Based on India’s 2011–12 National Sample Survey, the analysis assessed the welfare impact of replacing the subsidies that existed in that year with a UBI in a fiscally neutral manner. The fiscal envelope devoted to the UBI is equivalent to the combined fiscal cost of the PDS and energy subsidies in 2011–12, which would finance an annual uniform UBI for every person in India of Rs 2,600 (about US$54) in 2011–12, equivalent to about 20 percent of median per capita consumption in that year.

Although such a transfer is more modest than that often discussed in public debate, it would still incur a fiscal cost of approximately 3 percent of GDP. Since the analysis is anchored in 2011–12, it does not take into account the significant subsidy reforms enacted by the government of India in more recent years.

The government of India has also made significant progress on the introduction of improved identification technology using the Aadhaar biometric citizen registry, which has the potential to greatly improve the administration of all social programs, and has already started to replace subsidies with the Direct Benefit Transfer, which is helping to improve targeting and reduce the fiscal cost of transfers.

The microsimulation results indicate that a UBI would outperform the PDS and energy subsidies along three key dimensions:


• Coverage. Despite its broad coverage of the population, significant undercoverage of lower-income groups (at nearly 20 percent) still exists under the PDS.

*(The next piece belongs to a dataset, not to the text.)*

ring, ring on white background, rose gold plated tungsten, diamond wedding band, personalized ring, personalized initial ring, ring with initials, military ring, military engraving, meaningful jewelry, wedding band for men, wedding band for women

• Progressivity. Higher-income deciles receive a larger share of PDS spending (with the richest 40 percent of households receiving 35 percent), and implicit energy subsidies are also highly regressive

• Generosity. Replacing PDS subsidies and implicit energy subsidies with a UBI would result in a substantial increase in the generosity of benefits received by lower-income groups.


“In general, reaping the potential gains from the introduction of a UBI would need careful planning to overcome political, social, and administrative challenges, especially when subsidy reforms involve such large price increases as in the simulation,” said the IMF report.